Report for ECCV DIRA Data Challenge

Introduction

Illustrations, drawings, technical diagrams and diagrams can help people quickly understand difficult concepts. This kind of visual information is very popular in our daily life. However, there are many challenges in processing such visual data. As shown in Fig 1., these images are similar as hand-drawn sketches, without background or other contextual information. These images are often presented in several different viewpoints, which increases the difficulty of image retrieval. This challenge requires participants to extract robust image representations from DeepPatent[1] dataset for abstract diagram retrieval. Given a query image, participants were required to retrieve images that belong to the same patent or representing similar objects.

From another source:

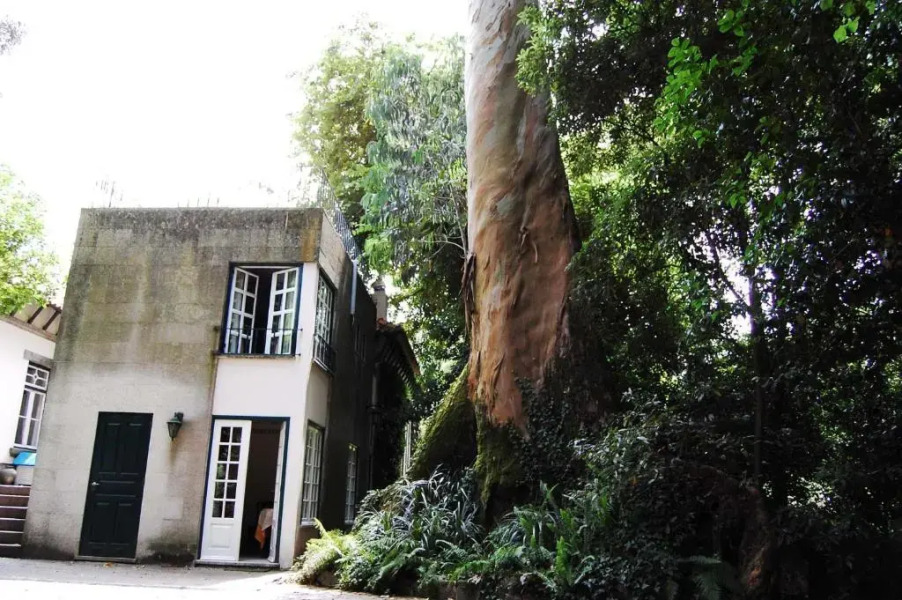 Casa de Esteiro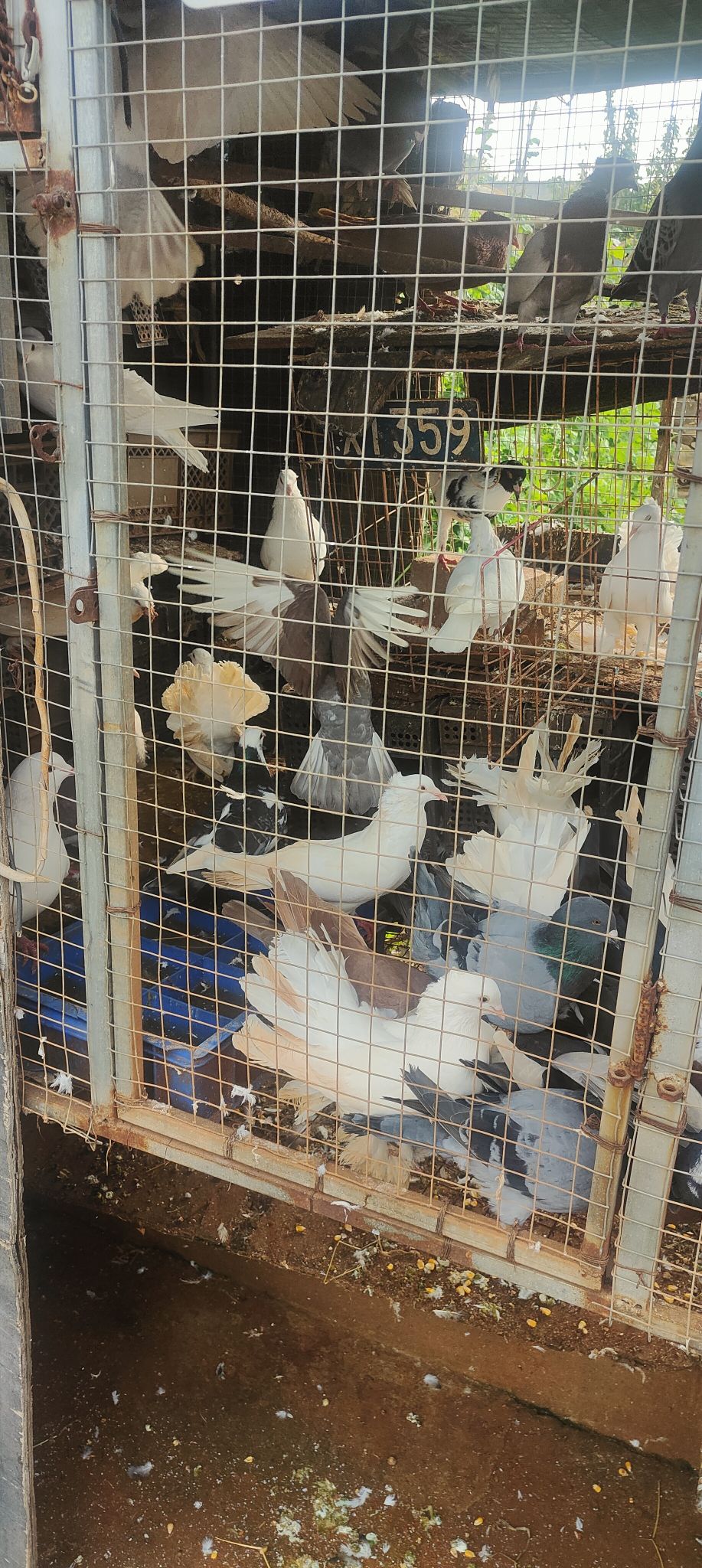 没地方养，处理，观赏鸽多，杀肉35一只，观赏100一对，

We found the patent retrieval task very similar to person re-identification task. Therefore, we design a framework for patent retrieval based on person Re-ID methods. The rest of our report is organized as follows: In Section 2, we describe our approach, including the overview, data augmentation, backbone network, loss function, post-processing, training details and dataset usage; In Section 3, we describe our code guidance.

Fig 1.

Method

Overview

The framework of our method is shown in Fig 2.

Fig 2.

Data Augmentation

We applied autoaugment method[1], which can search appropriate composed augmentation including flip, rotate, bright/color change,etc. Random Erasing is also utilize to avoid model overfitting.

Backbone Network

We adopt ResNet101[2] as our backbone. IBN-Net[3] and Non-local[4] modules are added to ResNet101 to get more robust features. Both modules are used to help model to learn a better universal image representations. The input image size is set to 256 in the first stage and 384 in the second stage. A BN layer and Generalized Mean Pooling (GEM) are applied at the end of backbone network to extract retrieval features. Finally, a classifier layer is used to output the probability of different IDs.

Testing

In the test phase, the test images are resized to 384×384 resolution and inputted into the model to get feature representation. We first calculate the Euclidean distance between the query and gallery features. Then Query expansion(QE) is used for post-processing. Given a query image and its top k similar gallery images. The new query feature is constructed by averaging the verified gallery features and the query feature. The new query feature is used for following image retrieve to boost performance.

Loss Functions

In the training phase, circle loss[5] and soft-margin triplet loss[6] are utilized for metric learning task.

Training

We divide our training procedure into two stages . In the first stage, we train our network on 224×224 images for the first 70 epochs. and then finetune the network at 384×384 resolution for 50 epochs. The learning rate in stage 1 is set to 0.000035 initially and gradually increased to 0.00035 during the 2k iteration by linear warm up. Then the learning rate starts from 0.00035 and decays to $7.7 \times 10^{-7}$ by cosine rule after 9k iterations. The learning rate in stage 2 is set to 0.000035 initially and decays to $7.7 \times 10^{-7}$ by cosine rule. Random Erasing probability is set to 0.5. The optimizer is Adam. The weight decay is 0.0005. Each min-batch includes 64 images, which includes 16 objects and 4 images per object.

Dataset

We only used the DeepPatent dataset for training and validation.

Reference

[1] Kucer M, Oyen D, Castorena J, et al. DeepPatent: Large scale patent drawing recognition and retrieval[C]//Proceedings of the IEEE/CVF Winter Conference on Applications of Computer Vision. 2022: 2309-2318.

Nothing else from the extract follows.